**Work item:** Every entry is to be returned unchanged, and no picture is to be included.

**Data listing:**
──────
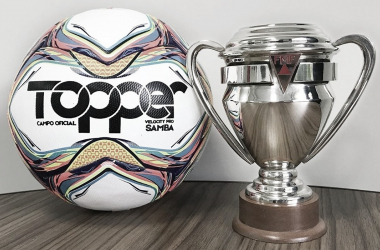 Guia VAVEL do Campeonato Mineiro 2020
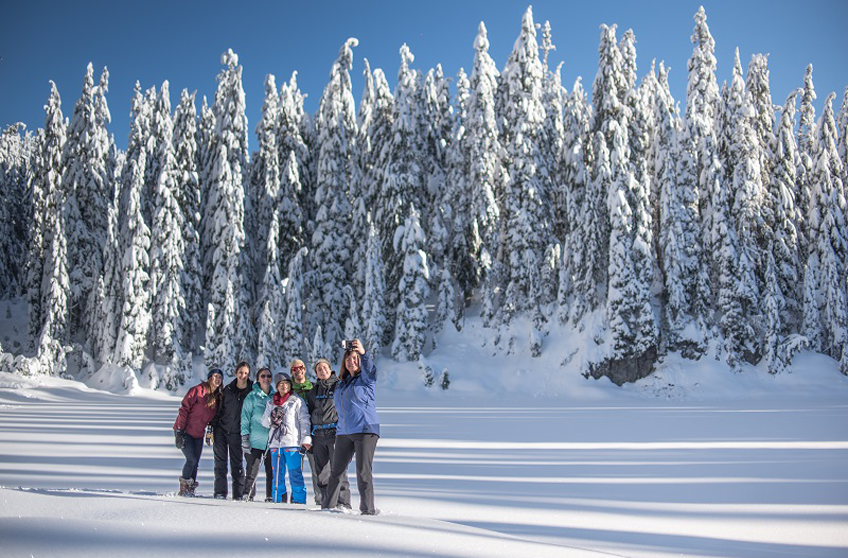 mt-seymour-6272-header.png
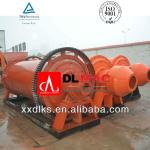 Dingli 2013 Hot Sales Ball Mill Machine,small wet ball mill for ore beneficiation-
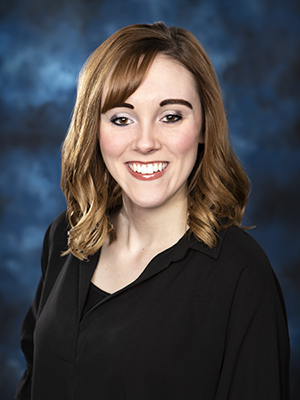 Katelyn Mills Sp19
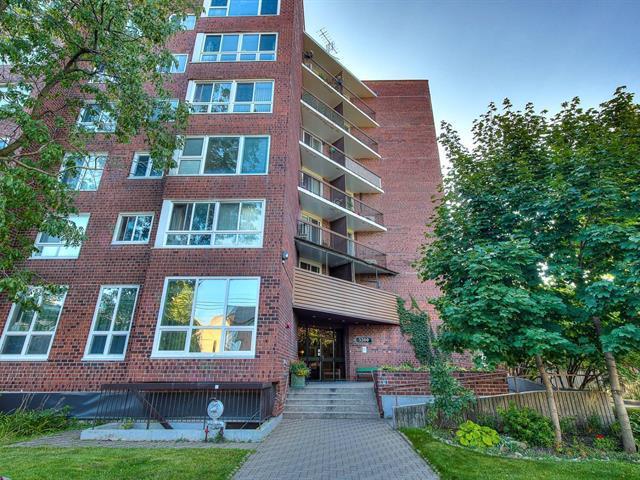 Property image for 5300 Place Garland|#209|Montréal (Côte-des-Neiges/Notre-Dame-de-Grâce), Quebec H3X3Y5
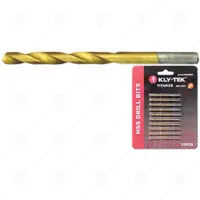 СВРЕДЛО ЗА МЕТАЛ 10 БРОЯ KLY-TEK/ORIEN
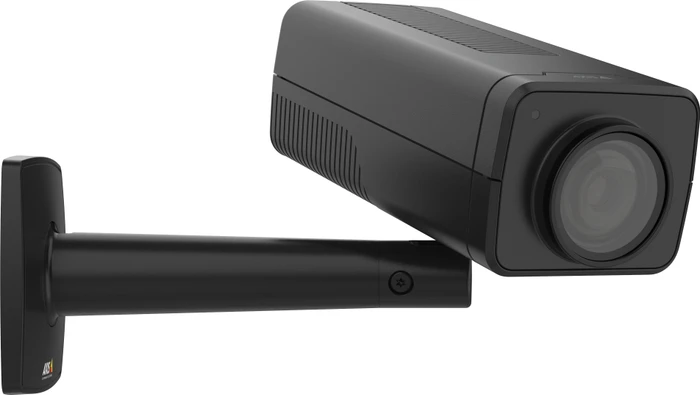 Axis Q1715 4-84.6mm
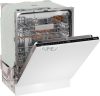 GORENJE GV673a66 Beépíthető mosogatógép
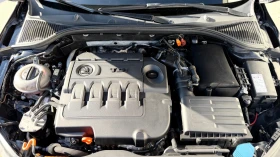 Skoda Octavia 2.0tdi 150k.c* LED* Navi* DSG* Kожа+ Памет* UNIKA* - 8150 € - 20758184 17 | Car24.bg Skoda Octavia 2.0tdi 150k.c* LED* Navi* DSG* Kожа+ Памет* UNIKA* - 8150 € - 20758184 17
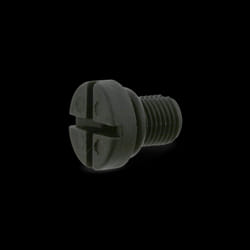 FAST FT55870 Breather Screw/-valve, radiator Thermostat CITROËN: C4 Grand Picasso 2, PEUGEOT: 308 SW 2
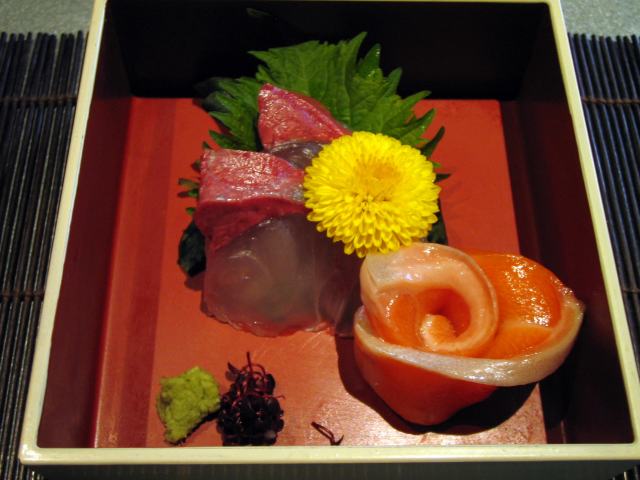 c0196340_18504137.jpg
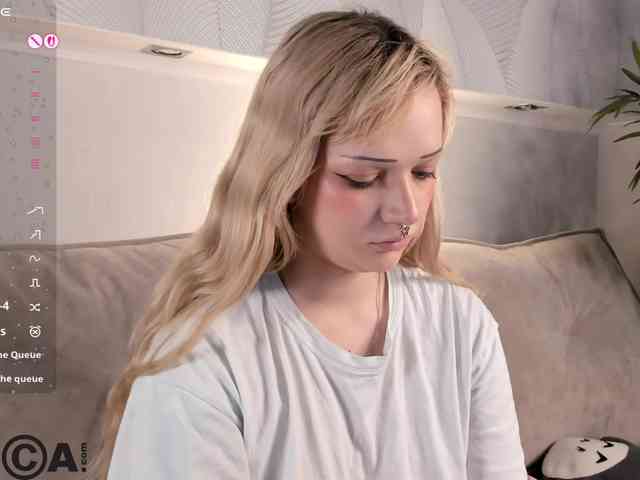Molly-Platt webcam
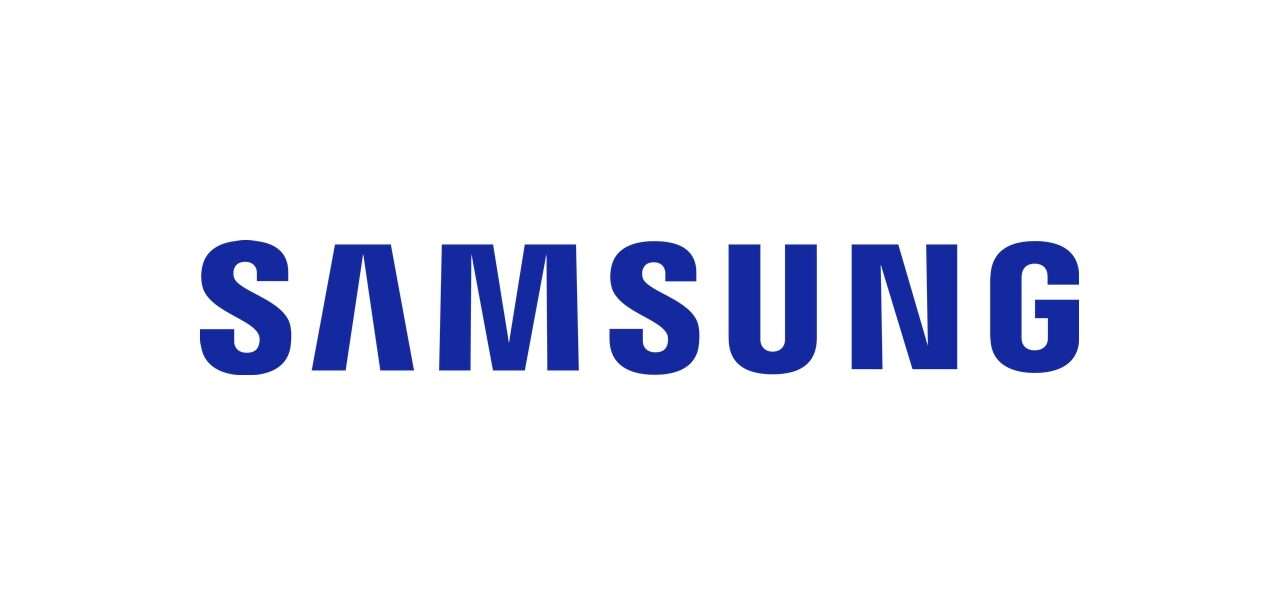 فروع Samsung Stores في مصر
──────
**Your response:**
 Guia VAVEL do Campeonato Mineiro 2020
 mt-seymour-6272-header.png
 Dingli 2013 Hot Sales Ball Mill Machine,small wet ball mill for ore beneficiation-
 Katelyn Mills Sp19
 Property image for 5300 Place Garland|#209|Montréal (Côte-des-Neiges/Notre-Dame-de-Grâce), Quebec H3X3Y5
 СВРЕДЛО ЗА МЕТАЛ 10 БРОЯ KLY-TEK/ORIEN
 Axis Q1715 4-84.6mm
 GORENJE GV673a66 Beépíthető mosogatógép
 Skoda Octavia 2.0tdi 150k.c* LED* Navi* DSG* Kожа+ Памет* UNIKA* - 8150 € - 20758184 17 | Car24.bg Skoda Octavia 2.0tdi 150k.c* LED* Navi* DSG* Kожа+ Памет* UNIKA* - 8150 € - 20758184 17
 FAST FT55870 Breather Screw/-valve, radiator Thermostat CITROËN: C4 Grand Picasso 2, PEUGEOT: 308 SW 2
 c0196340_18504137.jpg
Molly-Platt webcam
 فروع Samsung Stores في مصر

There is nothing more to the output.